ROANOKE TIMES 
                      Copyright (c) 1996, Roanoke Times

DATE: Tuesday, November 12, 1996             TAG: 9611120105
SECTION: VIRGINIA                 PAGE: A-1  EDITION: METRO 
DATELINE: CODY LOWE STAFF WRITER


LIBERTY PAYS BONDHOLDERS $1.1 MILLION

THE UNIVERSITY made an overdue payment Monday to creditors who threatened to get their money by forcing the college to sell its campus.

Liberty University announced it was "reluctantly" making a $1.1 million payment to a group of bondholders Monday, averting a threat to foreclose on the school's Lynchburg campus.

"I'm pleased they are curing the default," said Claude Ferebee, a retired Fort Worth, Texas, lawyer who sits on a committee that represents the bondholders' interests. "That's all we've asked for."

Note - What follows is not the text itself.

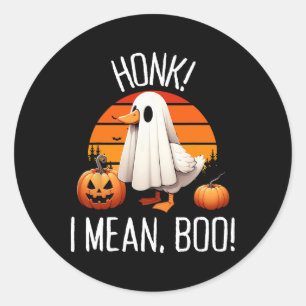 Pegatina Redonda Gracioso Ghost Goose Honk Me Refiero A Boo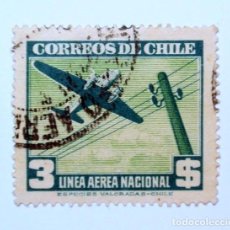 Sellos: SELLO POSTAL CHILE 1941 3 $ AVION LINEA AEREA NACIONAL CORREO AÉREO CON RAREZA DE IMPRESION !!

The university contends it delayed its payment only to give bondholders adequate time to consider a buyout offer from the university - and so as not to jeopardize a loan commitment to pay for that, said Mark DeMoss, a spokesman for Liberty and its founder and chancellor, the Rev. Jerry Falwell.

Though Falwell continued to get counsel to withhold the payment, "ultimately, he felt that this might be a strong show of good faith and interest in resolving the whole matter," DeMoss said. "Hopefully, the payment will enhance the negotiating process and move the whole matter closer to resolution. Obviously, this needed some more time, and the payment provides time."

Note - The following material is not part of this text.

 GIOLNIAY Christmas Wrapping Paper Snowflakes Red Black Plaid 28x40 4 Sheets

"We will continue to pursue options for a buyout offer," DeMoss said.

"Any time Liberty has a proposal, certainly our committee will consider that proposal," Ferebee said. "In the meantime, I and the other committee members will defend ourselves against the lawsuits filed against us."

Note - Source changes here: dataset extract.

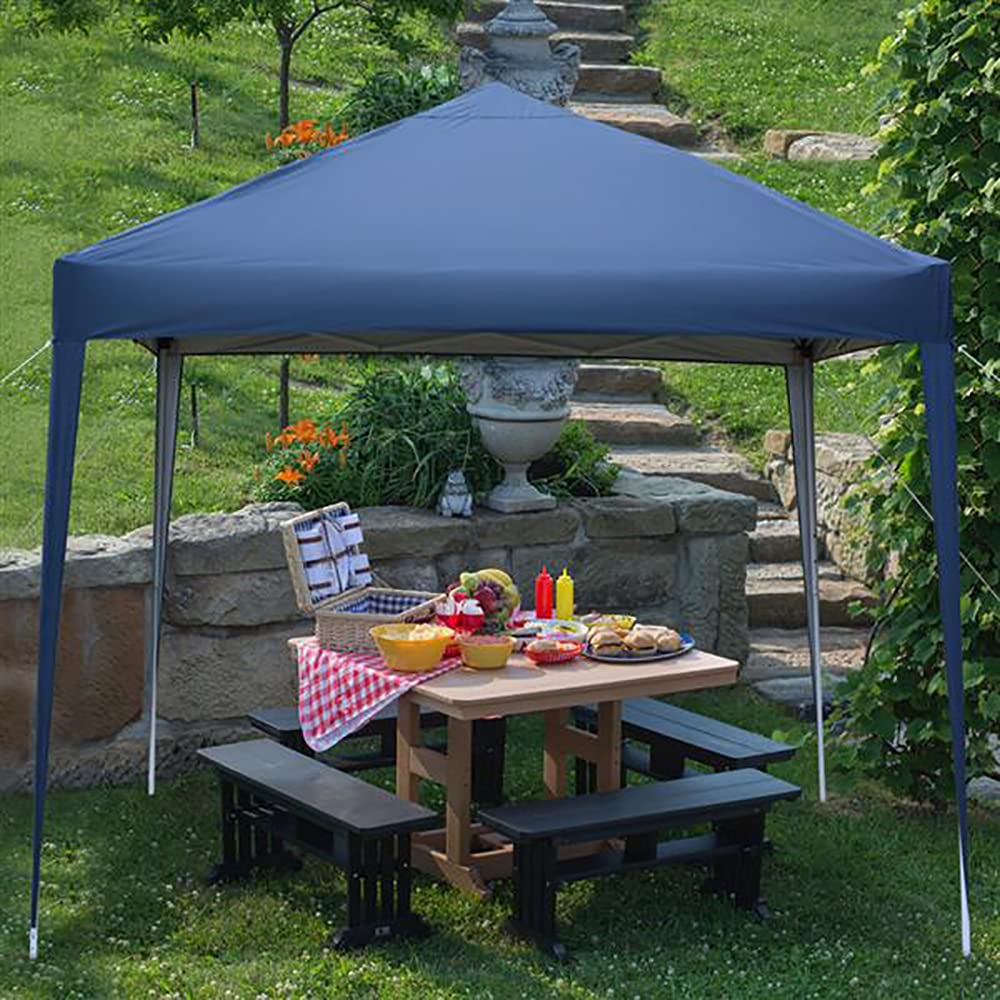 10x10FT Outdoor Pop Up Canopy Tent - Portable Foldable Gazebo with Adjustable Height & Carry Bag - Sun Shade Shelter for Patio, Beach, Garden, Camping, Wedding, Backyard Parties (Blue) - Perfect for Outdoor Events, Picnics, and Market Vendors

Some bondholders recently sued Ferebee and other members of the committee, accusing them of "breaching their fiduciary responsibilities" by rejecting an offer by Liberty to buy up all the outstanding bond debt for $7.5 million.

In a letter to bondholders, the committee said it based its rejection of the offer on several factors, including a requirement to keep some financial information disclosed to it confidential.

University lawyer Scott Street III of Richmond said the school would have been willing to reveal whatever information a court decided was appropriate to the bondholders.

Besides the Liberty offer, two Bedford County businessmen who are friends of Falwell have mailed each bondholder an offer to buy their bonds for half of face value. The number of bondholders who have responded to that offer - which was made privately and independently of the university - has not been released.

The university calculates the total debt is about $15 million, while the bondholders figure it is about $20 million.

The debt was incurred by Old Time Gospel Hour Inc. during the 1980s to pay for the rapid expansion of the Liberty campus.

The debt became unmanageable after the televangelism scandals of 1987 involving Jim Bakker and Jimmy Swaggart shrank the financial contributions to virtually all TV ministries, including Falwell's Old Time Gospel Hour.

As part of a plan to restructure that branch of the ministry, Liberty University took over ownership of its property from Old Time and assumed its debt, anticipating finding long-term financing to pay it off.

When that fell through, the university renegotiated with its various creditors for extensions, reduced payoffs and other methods of reducing its debt.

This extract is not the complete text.